Unfortunately, some readers interpreted this analysis as denying either the real hardship faced by construction workers or the role of the bursting of the housing bubble on the economy. Neither was the case, so let me provide some context.

There has been persistently high unemployment for many years and a debate about what can and should be done about this. There are some prominent policymakers who believe that there is nothing that monetary or fiscal policy can do to address this high unemployment because the unemployment is mostly “structural,” meaning that there are sufficient job openings but the skills of the unemployed do not make them qualified for those jobs. That means it will take education and training of the unemployed and/or a long period of adjustment until we work our way through a structural change. In this view, neither monetary nor fiscal policy can successfully lower unemployment. One of the main narratives associated with this point of view focuses on construction, an intuitively plausible story (though not actually true):  We built up substantial employment in construction during the housing boom, employment that went to relatively “unskilled” workers, and now that the bubble has burst and substantial job losses have resulted, we are left with a large pool of unemployed construction workers who have not yet found themselves new jobs in other sectors.

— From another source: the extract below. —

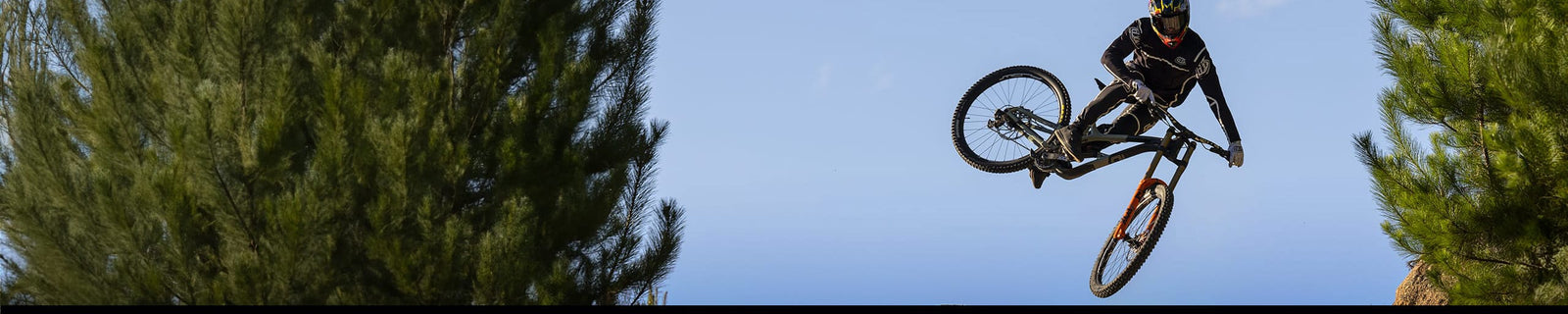 TROY LEE DESIGNS | Protections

Consider the interview in the Wall Street Journal last year with Charles Plosser, the president of Philadelphia’s Federal Reserve Bank. After asking Plosser whether monetary policy can change the high unemployment picture, the interviewer, Mary Anastasia O’Grady, paraphrased his unequivocal response: This mess was caused by over-investment in housing, and bringing down unemployment will be a gradual process. Plosser said:

“You can’t change the carpenter into a nurse easily, and you can’t change the mortgage broker into a computer expert in a manufacturing plant very easily. Eventually that stuff will sort itself out. People will be retrained and they’ll find jobs in other industries. But monetary policy can’t retrain people. Monetary policy can’t fix those problems.”

In 2010, Narayana Kocherlakota, president of the Federal Reserve Bank of Minneapolis, said that “a lot” of our unemployment was structural and not subject to influence by Federal Reserve Board monetary policy, specifically:

“Firms have jobs, but can’t find appropriate workers. The workers want to work, but can’t find appropriate jobs. There are many possible sources of mismatch—geography, skills, demography—and they are probably all at work. Whatever the source, though, it is hard to see how the Fed can do much to cure this problem. Monetary stimulus has provided conditions so that manufacturing plants want to hire new workers. But the Fed does not have a means to transform construction workers into manufacturing workers.”

So, the snapshot addresses the structural unemployment issue these observers raise and shows that the unemployment problem goes way beyond the pool of unemployed construction workers. This in no way diminishes the importance of the bursting of the housing bubble in generating the recession nor the severe employment losses in construction. As I wrote in an earlier paper, “It is true that construction has lost many jobs in this downturn, losing nearly 2 million jobs from the start of the recession through the second quarter of 2010. This accounts for about 25% of all private-sector jobs lost. Is this what’s fueling the unemployment problem? The answer is “No, not at all.””

There were severe job losses in construction and construction has very high unemployment, as it did in 2007. Construction unemployment, however,  did not fuel the rise of unemployment to 10 percent and it does not explain why it currently exceeds 8 percent. We do know that those who lost their construction jobs exited unemployment by either taking jobs in other sectors, leaving the labor force (i.e., giving up) or leaving the country, though we do not know how many chose the particular exit paths. We also know that there would be very high unemployment even if we could set aside the very high and troubling unemployment of construction workers. Solving our unemployment problem is not really about turning construction workers into manufacturing workers (as Kocherlakota suggests) or into nurses (as Plosser suggests). Rather, we need to have more job openings and more jobs in nearly every sector. And a wide array of policies can make that happen, including monetary policy, housing policy, fiscal policy and exchange rate policy. One such federal policy would be to undertake infrastructure projects in transportation and in modernizing schools that would employ construction workers and also generate jobs in related industries as well as throughout the economy as newly employed construction and other workers spend their wages.